> _Input for this task_
....................
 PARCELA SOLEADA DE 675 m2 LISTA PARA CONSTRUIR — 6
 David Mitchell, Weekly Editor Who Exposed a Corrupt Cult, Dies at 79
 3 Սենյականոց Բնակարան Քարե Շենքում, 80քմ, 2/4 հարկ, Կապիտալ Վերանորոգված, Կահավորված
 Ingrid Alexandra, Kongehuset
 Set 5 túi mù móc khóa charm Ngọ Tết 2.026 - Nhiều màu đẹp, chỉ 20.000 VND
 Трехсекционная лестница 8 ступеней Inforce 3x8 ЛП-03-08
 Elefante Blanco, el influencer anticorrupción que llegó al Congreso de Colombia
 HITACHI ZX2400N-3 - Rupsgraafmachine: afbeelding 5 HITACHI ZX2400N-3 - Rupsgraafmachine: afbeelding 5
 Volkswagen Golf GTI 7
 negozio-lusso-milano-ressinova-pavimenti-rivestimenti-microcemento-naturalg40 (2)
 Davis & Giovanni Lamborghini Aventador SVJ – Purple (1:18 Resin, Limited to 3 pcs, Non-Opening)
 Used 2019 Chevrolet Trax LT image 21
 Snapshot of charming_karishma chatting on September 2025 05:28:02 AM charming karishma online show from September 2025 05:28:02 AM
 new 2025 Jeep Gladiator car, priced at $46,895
....................
> _About this exercise_
Starting at the line that contains "3 Սենյականոց Բնակարան", retype each line through the end of the listing above and nothing else.

> _The completed task_
 3 Սենյականոց Բնակարան Քարե Շենքում, 80քմ, 2/4 հարկ, Կապիտալ Վերանորոգված, Կահավորված
 Ingrid Alexandra, Kongehuset
 Set 5 túi mù móc khóa charm Ngọ Tết 2.026 - Nhiều màu đẹp, chỉ 20.000 VND
 Трехсекционная лестница 8 ступеней Inforce 3x8 ЛП-03-08
 Elefante Blanco, el influencer anticorrupción que llegó al Congreso de Colombia
 HITACHI ZX2400N-3 - Rupsgraafmachine: afbeelding 5 HITACHI ZX2400N-3 - Rupsgraafmachine: afbeelding 5
 Volkswagen Golf GTI 7
 negozio-lusso-milano-ressinova-pavimenti-rivestimenti-microcemento-naturalg40 (2)
 Davis & Giovanni Lamborghini Aventador SVJ – Purple (1:18 Resin, Limited to 3 pcs, Non-Opening)
 Used 2019 Chevrolet Trax LT image 21
 Snapshot of charming_karishma chatting on September 2025 05:28:02 AM charming karishma online show from September 2025 05:28:02 AM
 new 2025 Jeep Gladiator car, priced at $46,895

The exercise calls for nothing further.